March 29th, 2016 at 2:29 PM ^

if the Anchor (and Bandit) align to the strong side, is that going to cause more of those "Chinese fire drills" where or D line is moving at the snap?

I recall that during the RR or Hoke years and I pulled half of my hair out. if a guy goes in motion, strong side can flip, so then what?

Space Coyote

March 29th, 2016 at 3:02 PM ^

And they only did that when the opponent put two guys in motion (thus not allowing them to snap the ball as the defense shifted). That was a stop-gap move by them, so that certain players could improve at a certain position and not have to learn more things, but it stopped I believe the next year.

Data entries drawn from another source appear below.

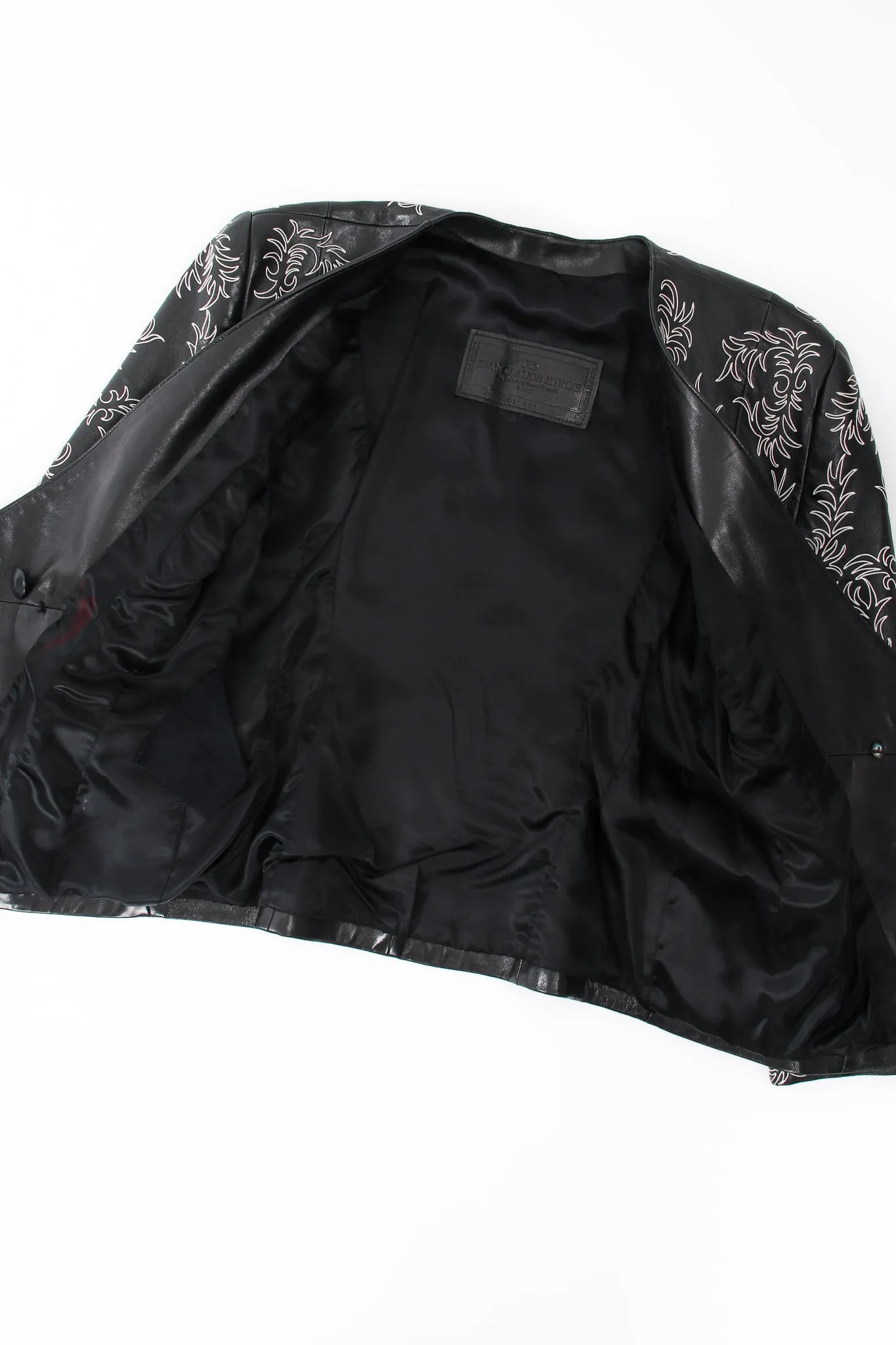 Embroidered Collarless Leather Jacket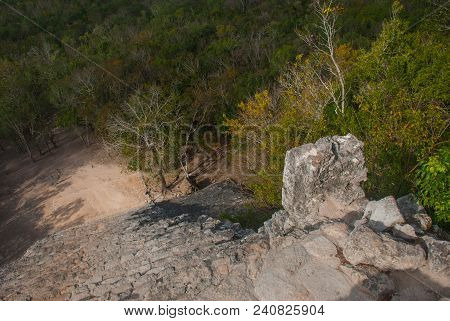 Climbing To The Top Of The Great Pyramid Of Coba Nohuch Mul The Most Popular Activity Of Tourists. U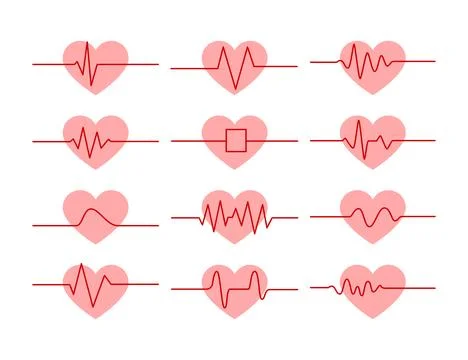 Set of dead heartbeat wave collection, End of the life, dead line heartbeat.. Stock Illustration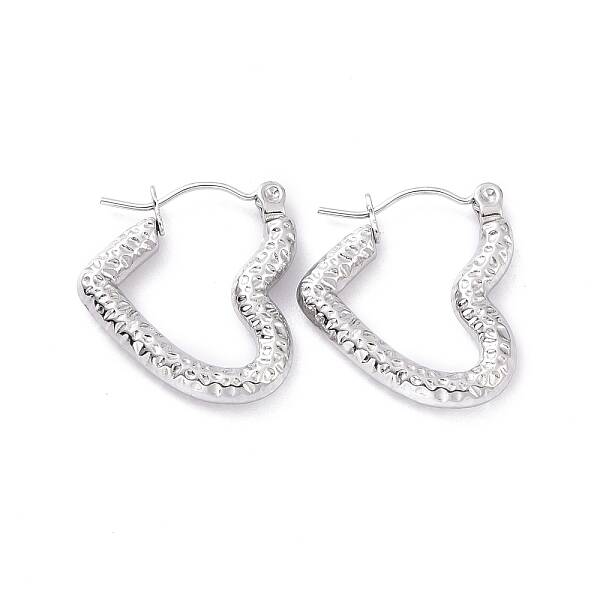 Non-Tarnish 304 Stainless Steel Heart Hoop Earrings for Women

So Brown will do what he feels is necessary for the defense to perform. With the skill up front, I doubt he flips the defense, and will generally probably just bump guys over and shift the LBs and safeties to account for the strength of the offense. The Rover should be able to handle much of the same duties as the Bandit, the End should be able to handle much of the same duties as the Anchor. Or the Bandit may just follow the motion across the formation, etc, depending on the coverage. They may have autochecks to change the defense in those situations (motion from the slot is an auto blitz from the Bandit). Etc.

Jacoby

March 30th, 2016 at 8:44 PM ^

Thank you, Seth! One thought about these helpful posts is that when you get some videos of the action, it may help if you post the videos in slow motion. It's hard to follow at full speed.